In a world where music often prioritizes sheen over substance, aesthetics over authenticity, and perfection over purpose, a refreshing wind blows through “Inspired By Cider,” an intentionally unpolished, do-it-yourself opus courtesy of Pete Gwilt. Armed with just a voice and an unadorned guitar, Pete ventures into the realm of oft-improvised lyrics, devoid of sonic frills and untouched by post-production alchemy. What you hear are the songs in their raw, untamed glory as they spill forth from the heart of a performer.
Now, you might be inclined to dismiss this as a mere cost-cutting exercise, a low-fi, low-production approach taken to avoid emptying the coffers. But that’s a misstep for sure, for Pete has plans for a follow-up album decked out in all the production finery down the line. The message he imparts with this approach is a potent reminder: the song reigns supreme, not the studio gloss or gimmickry. This dear readers, is what music truly sounds like in the intimate confines of a small backroom venue or emanating from a street busker when experienced up close and personal.

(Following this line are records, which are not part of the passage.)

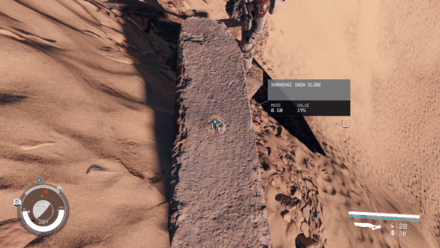 Starfield - Shanghai Snow Globe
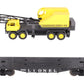 Lionel 6828 Vintage O Flatcar with P&H Harnischfeger Truck Crane EX/Box
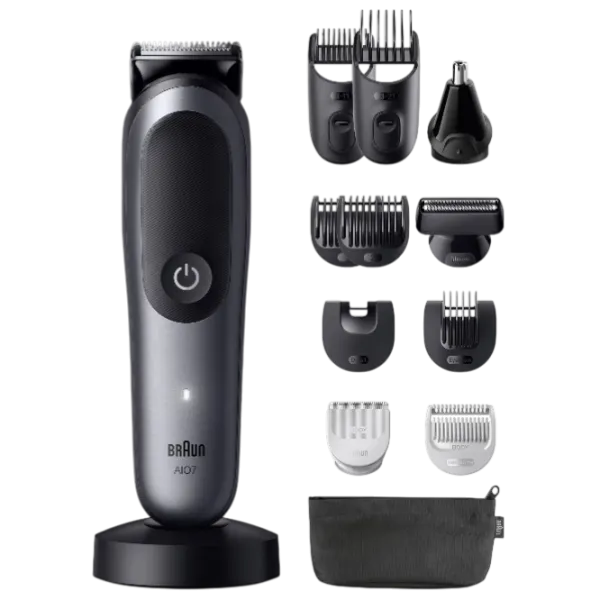 Триммер для лица Braun AIO7560 Черный photo 1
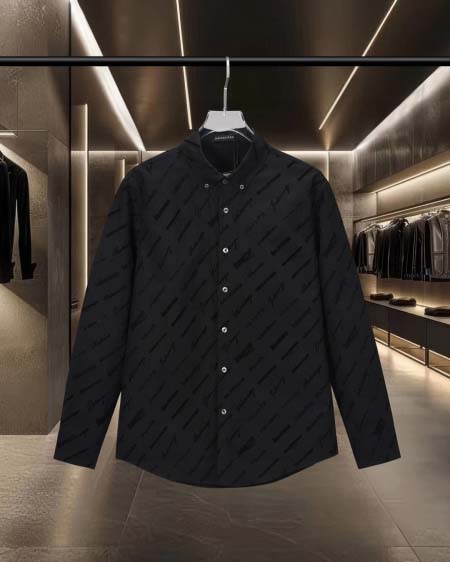 2025年8月6日入荷新作BALENCIAGAシャツ人気商品...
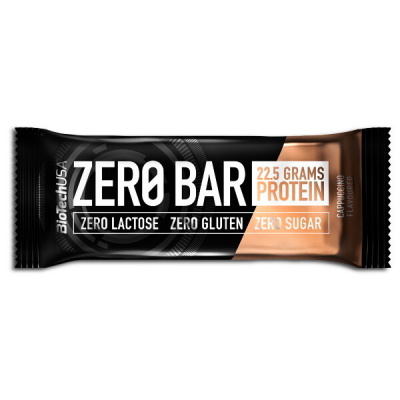 BioTech USA Zero Bar 50 g čokoláda - cookies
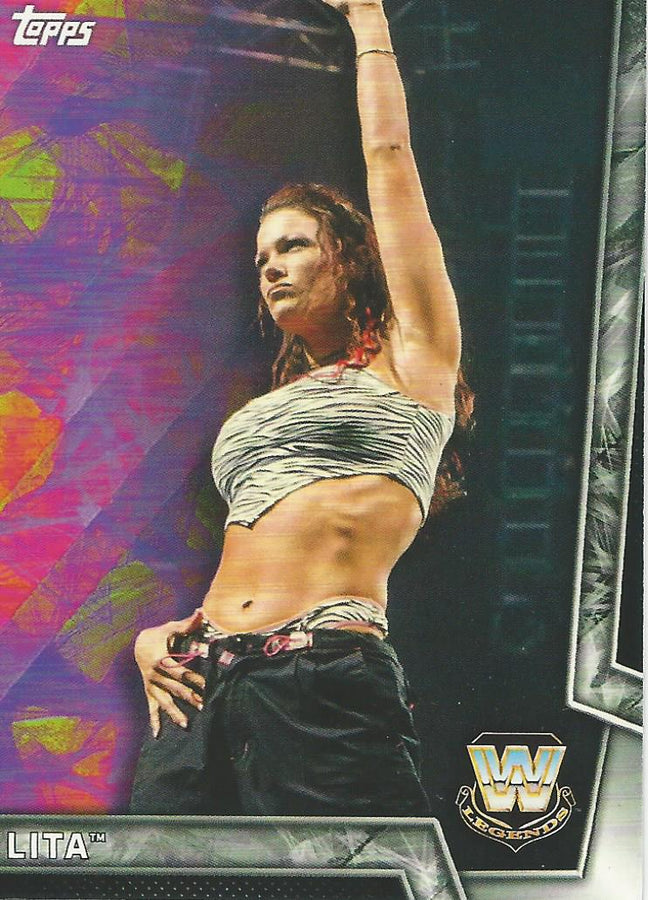 WWE Topps Women Division 2018 Lita #48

His attitude harks back to luminaries of yore like Daniel Johnston and Nick Drake and even further back through the annals of musical history. “Inspired By Cider” boasts tracks like “Living The Dream,” which weave together some disarmingly simple guitar threads, underscoring the power of layering musical strands to create rich tones and textures. Then there’s “I’m Getting Wiser,” leading us down a bluesy backroom alley, and “Dolphin Friendly Tea,” a hushed and unassuming gem. “Exit on the Elevator” spins a spiralling, serpentine riff over robust rhythms.
A part of me longs to hear these songs fully explored and adorned, but the greater part of me resists, knowing that the essence lies in experiencing music crafted in the moment, created on a shoestring budget, and born from the purest of motivations. That, my friends, is the very essence of this album—an unvarnished testament to music’s truest form.